### [YOUR TASK]
Whatever lies between the line that holds "Books and briefcase for career planning" and the final line of the records below, both included, should be repeated exactly; leave out the pictures and add nothing.

### [Image-text web data]
···

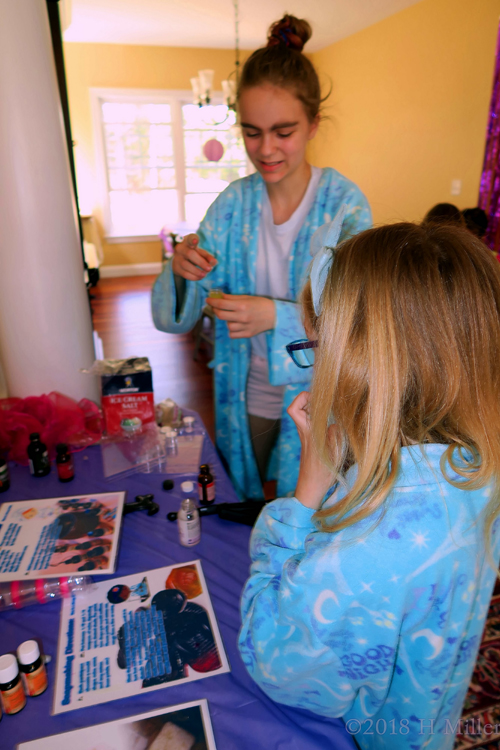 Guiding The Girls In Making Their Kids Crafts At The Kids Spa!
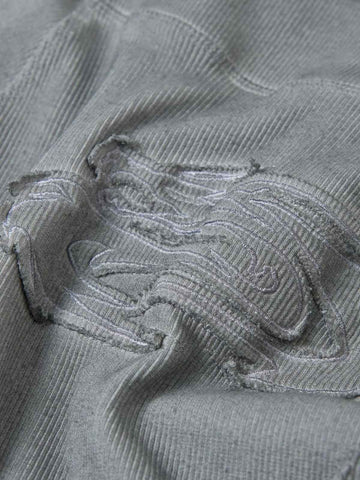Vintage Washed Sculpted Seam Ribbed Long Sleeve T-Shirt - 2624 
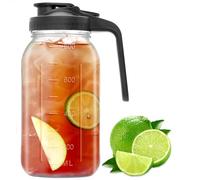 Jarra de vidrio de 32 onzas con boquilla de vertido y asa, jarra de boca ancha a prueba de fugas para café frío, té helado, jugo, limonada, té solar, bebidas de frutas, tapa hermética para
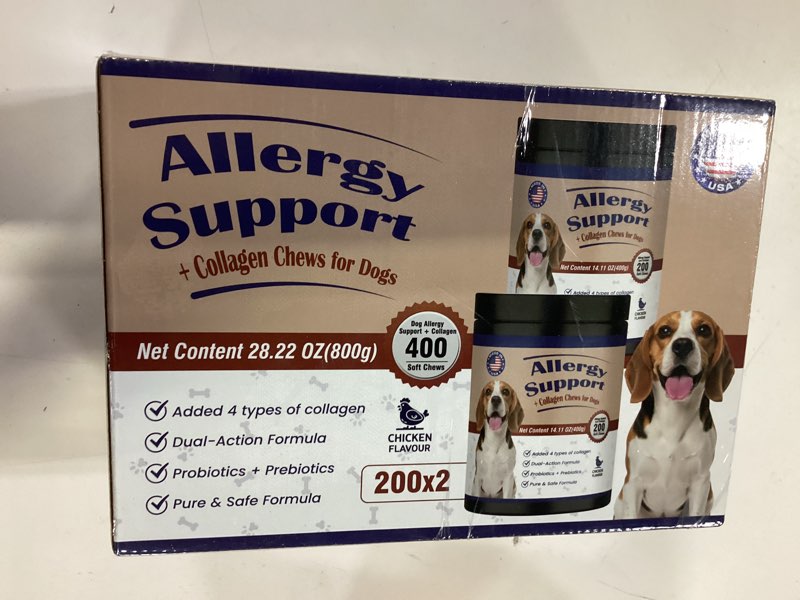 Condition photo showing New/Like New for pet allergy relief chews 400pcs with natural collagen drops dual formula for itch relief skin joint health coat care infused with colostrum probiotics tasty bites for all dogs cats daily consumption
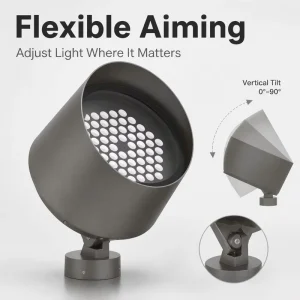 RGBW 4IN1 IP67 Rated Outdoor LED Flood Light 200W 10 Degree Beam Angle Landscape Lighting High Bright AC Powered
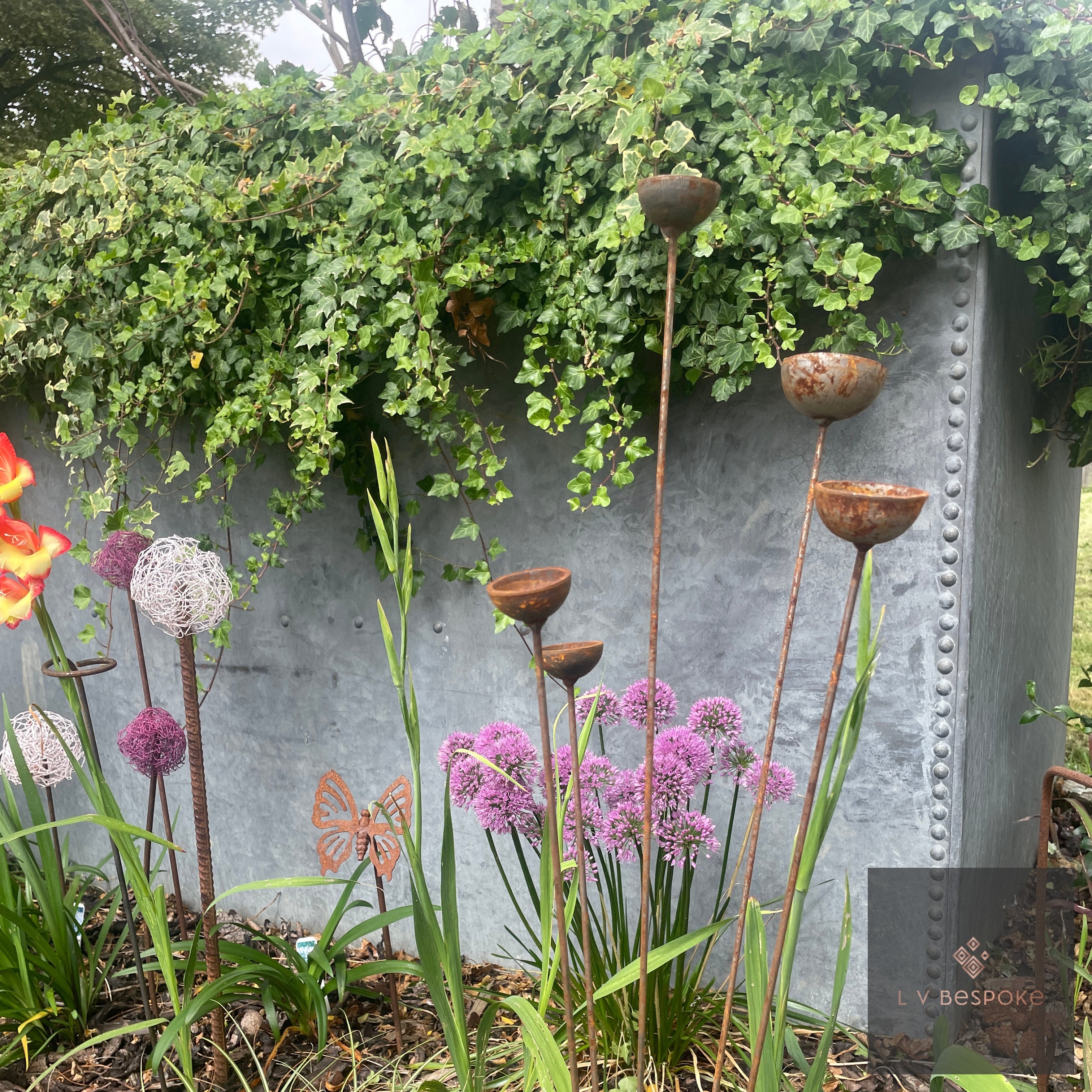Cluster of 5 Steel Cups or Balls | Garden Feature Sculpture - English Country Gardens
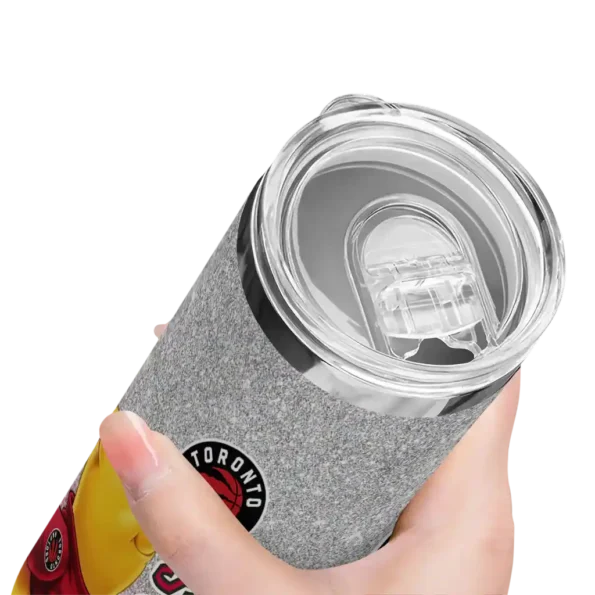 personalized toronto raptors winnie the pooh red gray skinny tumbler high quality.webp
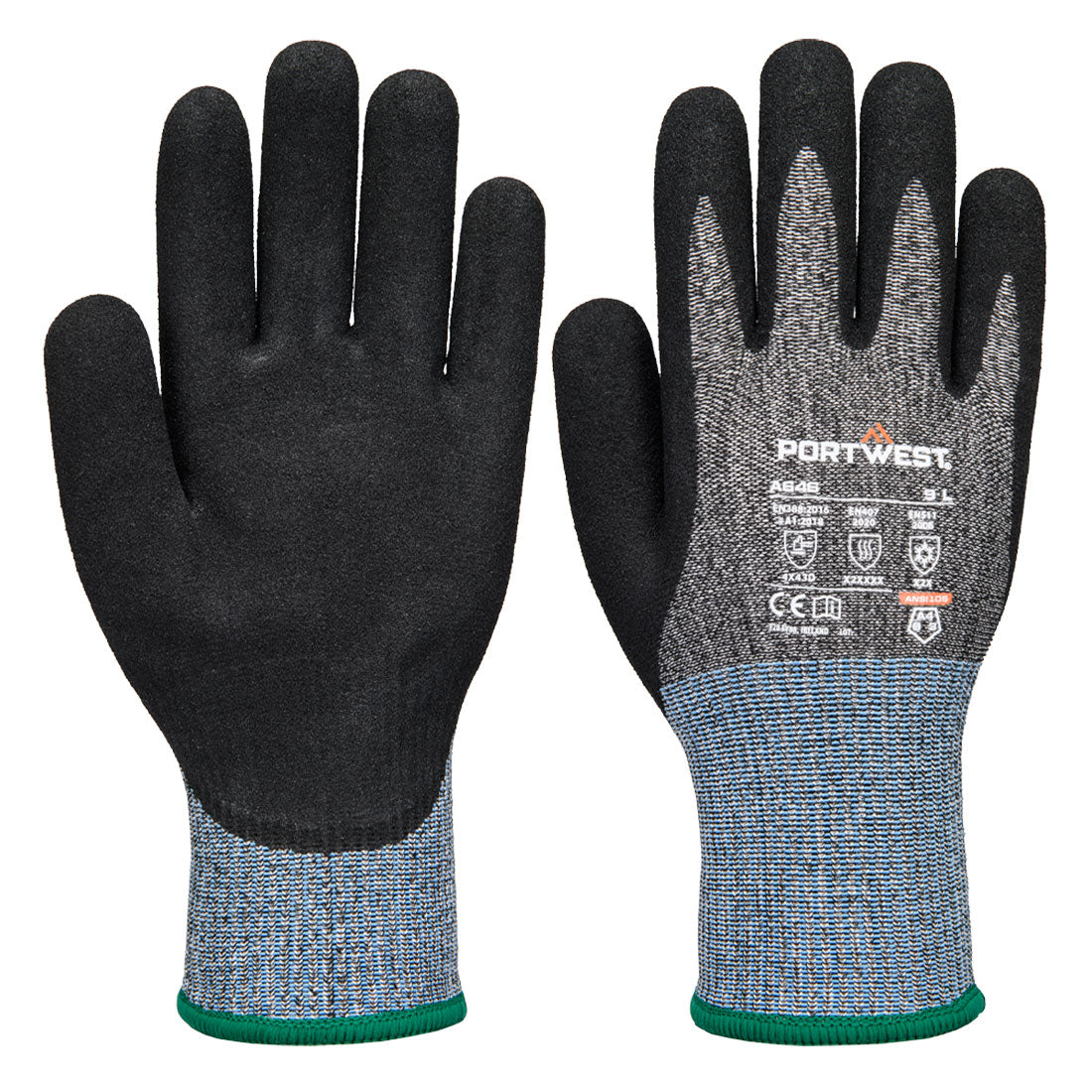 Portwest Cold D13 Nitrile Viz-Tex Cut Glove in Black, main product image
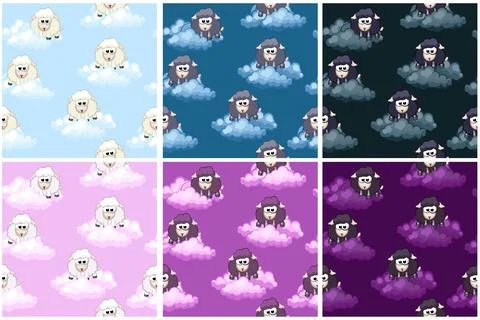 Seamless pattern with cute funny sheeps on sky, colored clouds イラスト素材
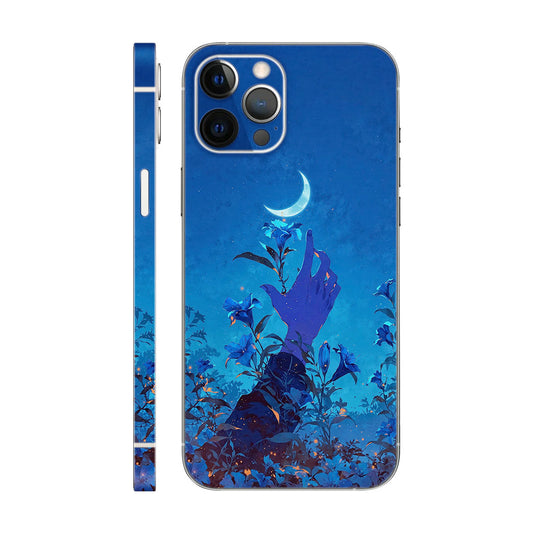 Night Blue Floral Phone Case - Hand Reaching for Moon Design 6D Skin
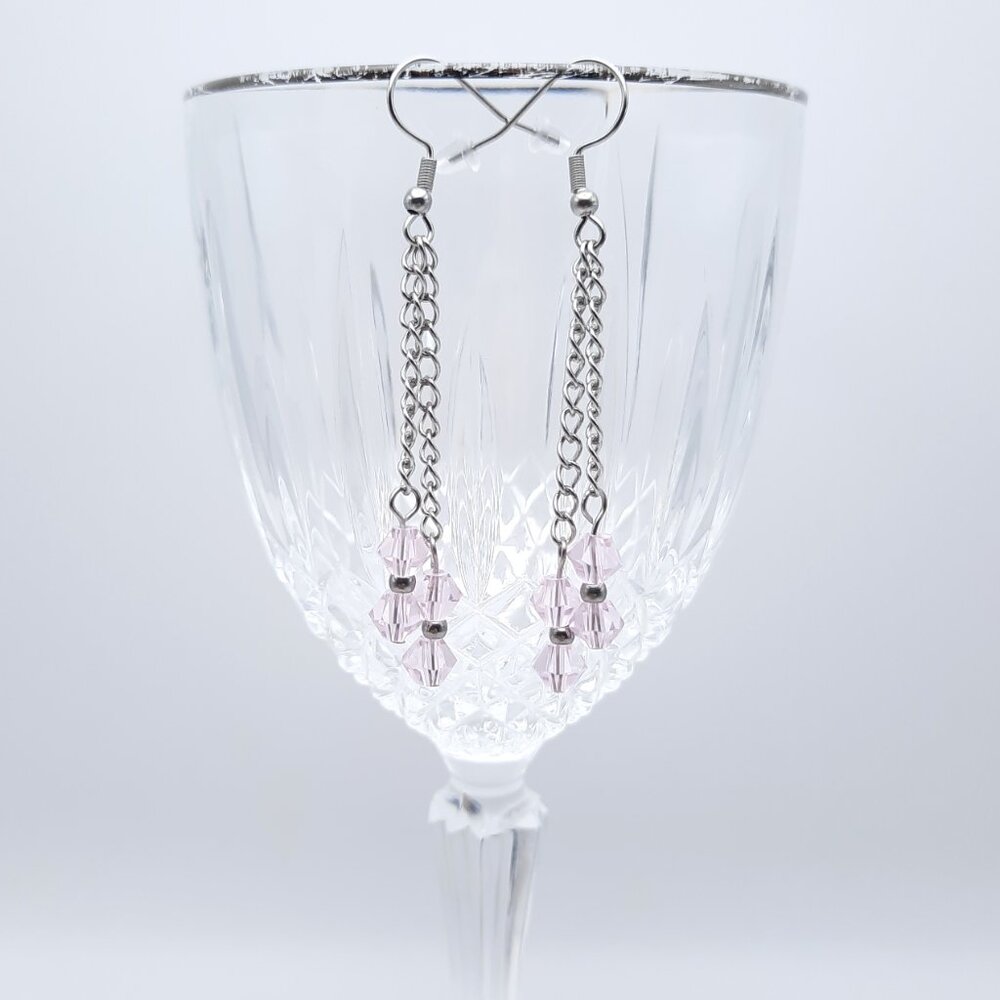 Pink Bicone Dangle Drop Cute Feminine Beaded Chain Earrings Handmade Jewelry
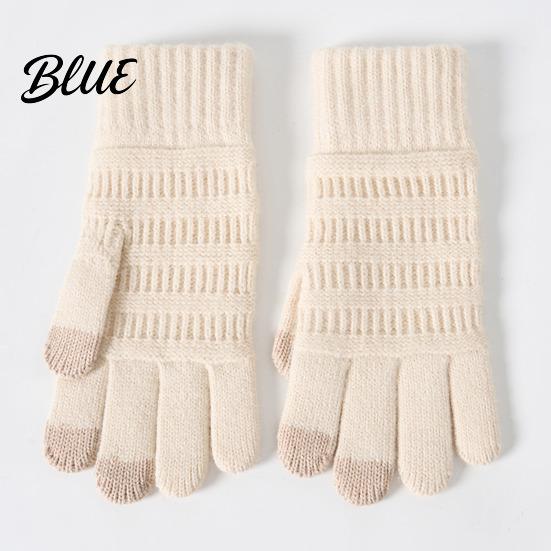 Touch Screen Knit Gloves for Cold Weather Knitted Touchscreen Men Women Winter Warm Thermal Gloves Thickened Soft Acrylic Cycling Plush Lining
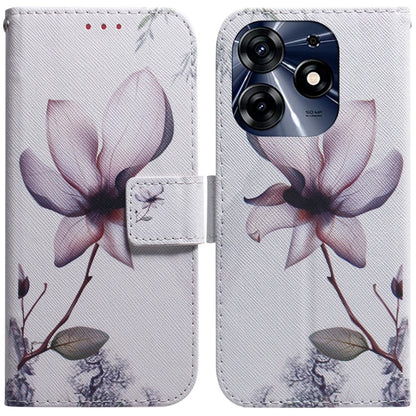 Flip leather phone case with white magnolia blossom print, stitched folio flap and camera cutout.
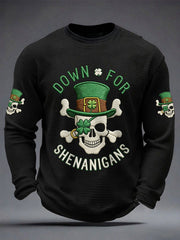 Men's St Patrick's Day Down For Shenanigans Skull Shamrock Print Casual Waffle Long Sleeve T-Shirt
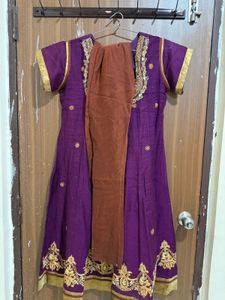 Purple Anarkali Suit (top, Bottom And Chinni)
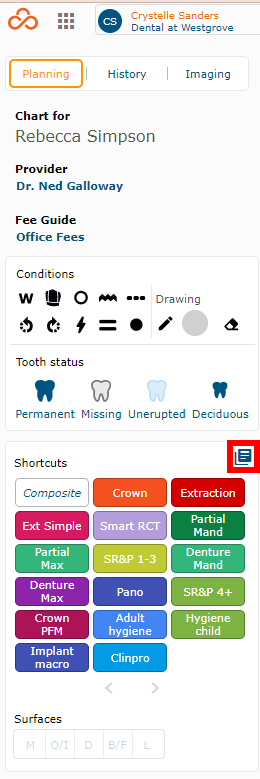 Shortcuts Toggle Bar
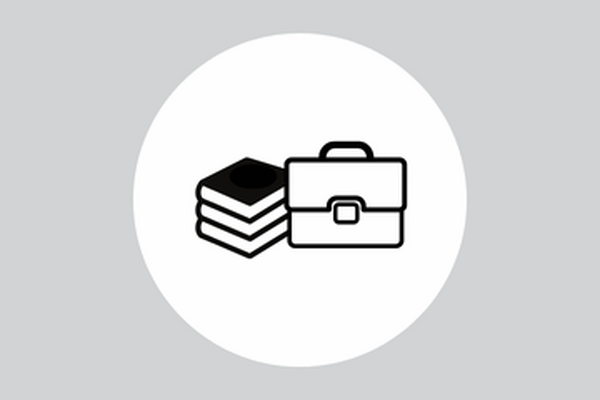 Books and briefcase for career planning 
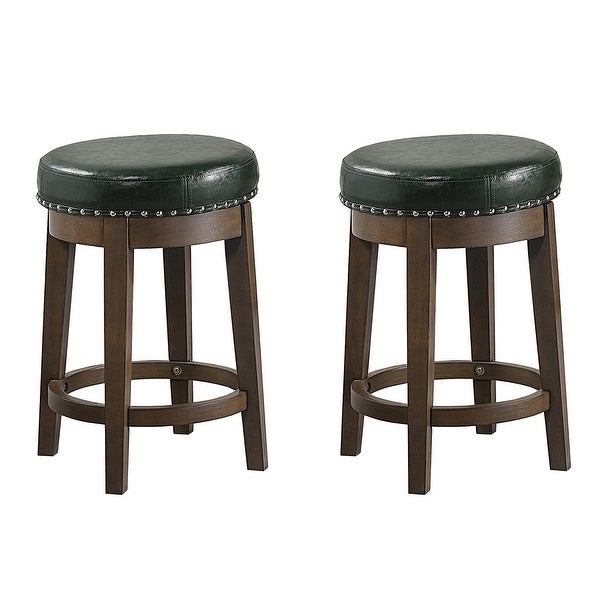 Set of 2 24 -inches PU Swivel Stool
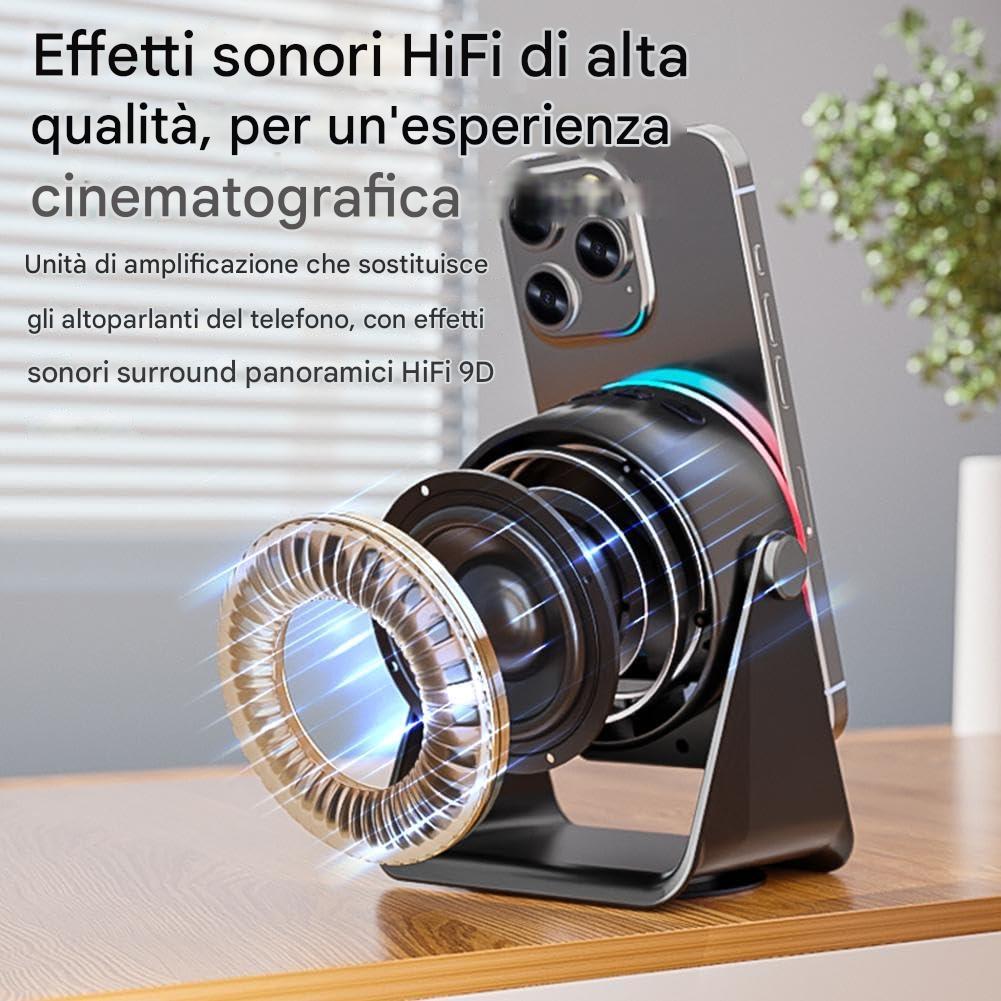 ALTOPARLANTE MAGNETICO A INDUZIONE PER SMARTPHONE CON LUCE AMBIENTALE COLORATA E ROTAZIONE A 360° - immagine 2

···

### [TASK RESPONSE]
 Books and briefcase for career planning 
 Set of 2 24 -inches PU Swivel Stool
 ALTOPARLANTE MAGNETICO A INDUZIONE PER SMARTPHONE CON LUCE AMBIENTALE COLORATA E ROTAZIONE A 360° - immagine 2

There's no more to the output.